Miércoles, 10 de Marzo de 2010

Lucian Freud, el pintor de la carne triste

El Pompidou rinde homenaje al cotizado artista británico

A. V. ·10/03/2010 - 00:10h

Lucian Freud en su estudio, lejos de la feria de las vanidades del mundo del arte.

Cuando Lucian Freud empieza un nuevo cuadro concentra todas sus energías en la causa. "Trabajo en él como si fuera la mejor obra que he pintado, como la mejor que nadie ha pintado nunca", confiesa Freud en uno de los vídeos de la gran exposición inaugurada ayer en el Centro Pompidou de París, que rinde homenaje al artista hasta el 19 de julio.

50 de sus creaciones más conocidas forman parte de esta retrospectiva, en la que sobresalen sus devastadores desnudos de gran formato. Su amigo Francis Bacon aseguraba que la desnudez del cuerpo humano le recordaba al escaparate de una carnicería. Los cuadros de Freud parecen la prueba definitiva de este parecido más que razonable. Sus desnudos son crudos y brutales, formados por cuerpos retorcidos y pieles ásperas de tonalidad mórbida. "Quiero que la pintura sea carne" es una de las grandes frases del pintor.

"Trabajo cada obra como si fuera la mejor que he pintado", ha dicho

Freud, un ermitaño de 87 años que huye de la feria de vanidades del mundo del arte, ha fundamentado su obra en la relación establecida entre esos cuerpos animales y el espacio físico de su estudio londinense, que ha convertido en escenario de todos sus retratos. "El efecto que producen dos individuos distintos en el espacio puede ser tan diferente como el efecto de una vela y el de una bombilla eléctrica", asegura Freud.
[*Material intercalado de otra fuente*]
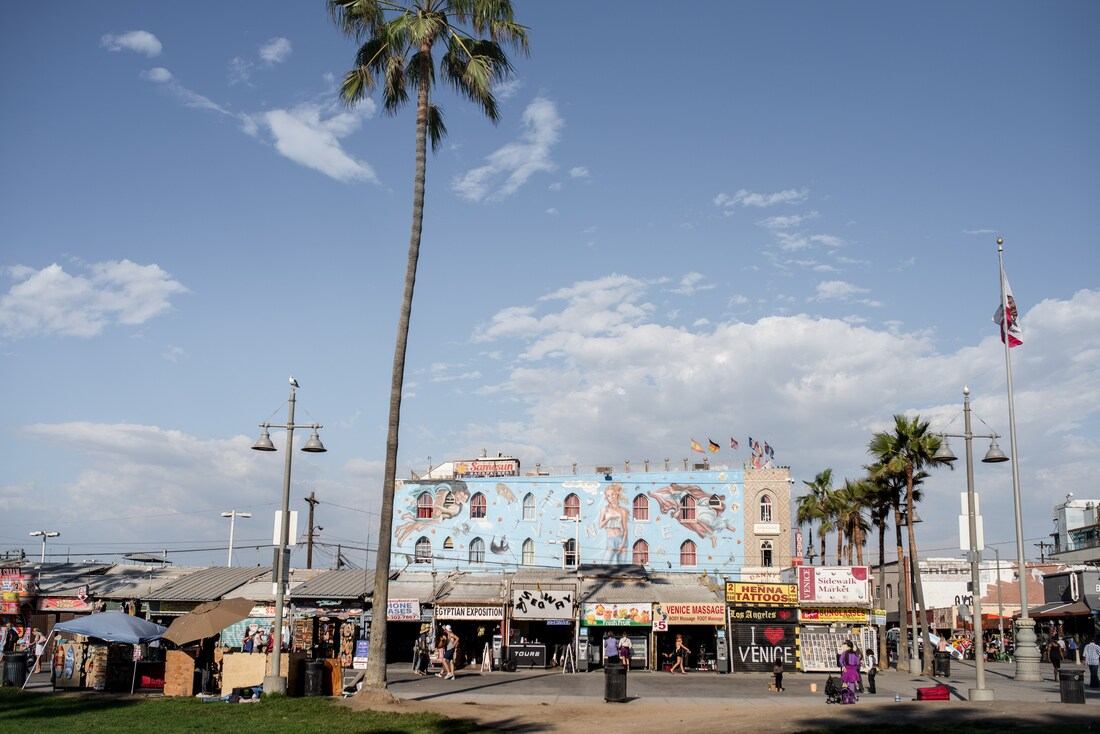 Le long de Venice Beach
Cada vez que este obsesivo artista comienza a pintar un retrato, puede llegar a pasarse meses observando la luz que irradia su modelo sobre el lugar antes de dar la primera pincelada. Freud sólo retrata a amigos, familiares, amantes y colaboradores. Y jura que no sería capaz de hallar la profundidad de seres desconocidos. "Conocer algo de memoria permite adoptar más profundidad que ver nuevos lugares, por espléndidos e interesantes que puedan resultar", dice otra frase reproducida en las paredes de la exposición.

Por la puerta grande

La última vez que Freud expuso en París, todo terminó en el fracaso y la incomprensión. Corría el año 1987 y el pintor seguía siendo considerado un provocador nato, injustamente favorecido por ser nieto del inventor del psicoanálisis. Más de dos décadas más tarde, Freud vuelve por la puerta grande, convertido en el pintor contemporáneo más cotizado desde que hace unos meses el multimillonario ruso Roman Abramovich compró su celebérrimo retrato de una joven obesa recostada sobre el sofá Benefits supervisor sleeping (1995) por 25 millones de euros.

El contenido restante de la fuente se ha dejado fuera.